1) Process recordings of real F1 engines at fixed RPMs to seamlessly go from
one to another.

2) Approximate the sound sources and what happens to them on he way to the
ear, so: oscillators and noise generators passing through filters and delays
to modify the spectrum.

3) A real attempt at modelling the sound sources and the acoustics of the
enclosures and pipes in terms of "what happens to the air pressure variations
here".

Or use something already existing:
[https://www.krotosaudio.com/igniter/](https://www.krotosaudio.com/igniter/)

------
hellofunk
I’ve compaired this with Howler.js and couldn’t easily see the observable
trade-offs between these two. I guess I’d have to actually implement something
with both of them to find out.
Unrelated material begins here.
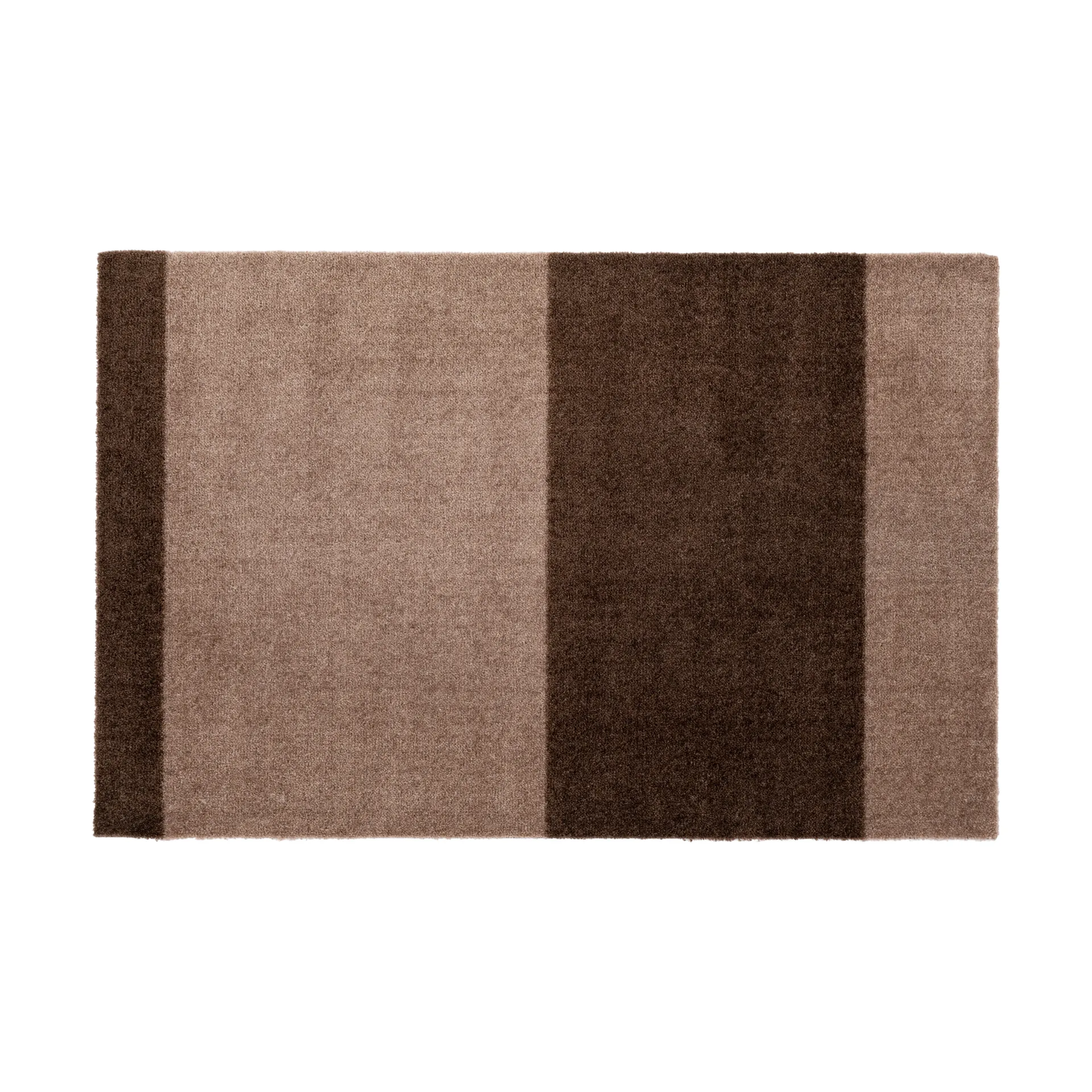 Felpudo Stripes horizontal, Sand-brown, 60x90 cm tica copenhagen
Howler has a neat concept of audio sprites and
the library seems more popular for some reason.

------
kylek
Neat! I was looking into wavTones[0] recently but will have to give this a
look. (A comparison might be nice)

[0]
[https://www.wavtones.com/functiongenerator.php](https://www.wavtones.com/functiongenerator.php)

------
minism
This is a really awesome framework. Working on a generative chord progression
project right now using it (Also my first foray into typescript -- looks like
the type definitions for Tone.js are a bit out of date).

------
stevehiehn
TONE.JS is really fun. My hobby project uses RNNs to generate MIDI parts and
play them back through TONE.js :
[http://treblemaker.ai](http://treblemaker.ai)

------
increment_i
Have been following this library for years. Love it. Favourite projects were
some personal desktop apps I did with it in Electron to mangle samples in cool
ways for my own music projects.

------
cazum
I used this to prototype algorithms for a polyrythmic midi sequencer I'm
working on. It's really a dream to use. If only using midi on low end hardware
was this easy.

------
ArtWomb
Very cool. Look forward to playing with it this weekend ;)

Regarding WebRTC. Combined with net latency. Can we build an online "jamming"
demo?

------
souenzzo
clojure project from 2015
[http://ctford.github.io/klangmeister/](http://ctford.github.io/klangmeister/)